- DATA PROVIDED -

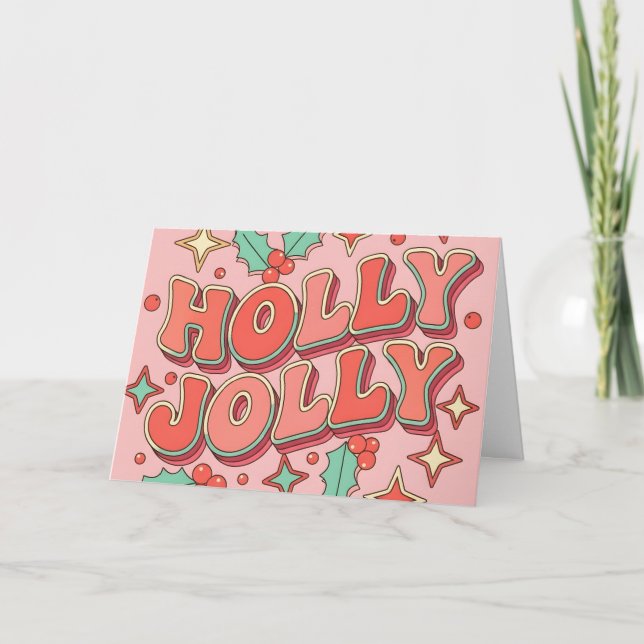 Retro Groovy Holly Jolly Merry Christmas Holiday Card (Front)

--

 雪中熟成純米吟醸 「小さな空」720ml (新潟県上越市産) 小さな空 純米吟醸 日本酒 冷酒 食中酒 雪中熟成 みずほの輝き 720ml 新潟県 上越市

---

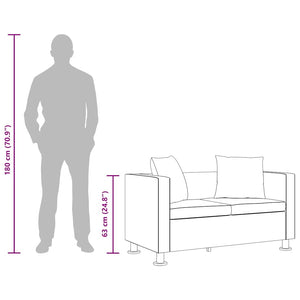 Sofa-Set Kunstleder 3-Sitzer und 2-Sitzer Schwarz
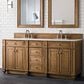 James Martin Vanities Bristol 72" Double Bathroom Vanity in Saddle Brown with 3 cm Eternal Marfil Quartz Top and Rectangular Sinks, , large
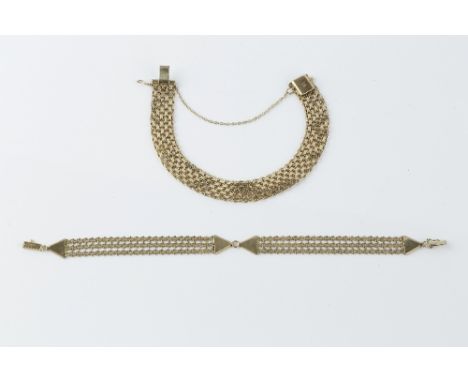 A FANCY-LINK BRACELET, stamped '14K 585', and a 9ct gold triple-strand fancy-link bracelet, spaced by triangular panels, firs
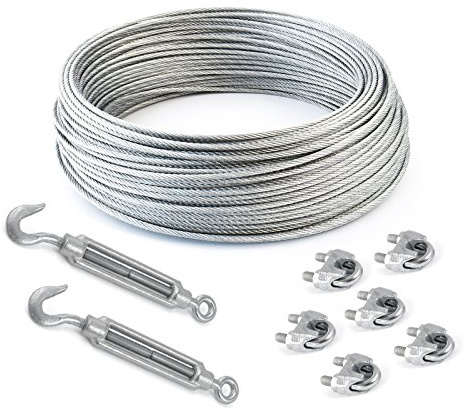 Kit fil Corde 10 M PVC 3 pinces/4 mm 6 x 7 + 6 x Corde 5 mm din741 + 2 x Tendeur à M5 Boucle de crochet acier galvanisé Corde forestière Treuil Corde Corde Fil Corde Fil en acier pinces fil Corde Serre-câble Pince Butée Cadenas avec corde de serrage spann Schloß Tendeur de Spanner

- DESCRIPTION OF THE TASK -
What are the lines above from the one with "Sofa-Set Kunstleder 3-Sitzer" to the one with "A FANCY-LINK BRACELET, stamped", both included? Reproduce them exactly, without pictures.

- EXERCISE RESPONSE -
 Sofa-Set Kunstleder 3-Sitzer und 2-Sitzer Schwarz
 James Martin Vanities Bristol 72" Double Bathroom Vanity in Saddle Brown with 3 cm Eternal Marfil Quartz Top and Rectangular Sinks, , large
 A FANCY-LINK BRACELET, stamped '14K 585', and a 9ct gold triple-strand fancy-link bracelet, spaced by triangular panels, firs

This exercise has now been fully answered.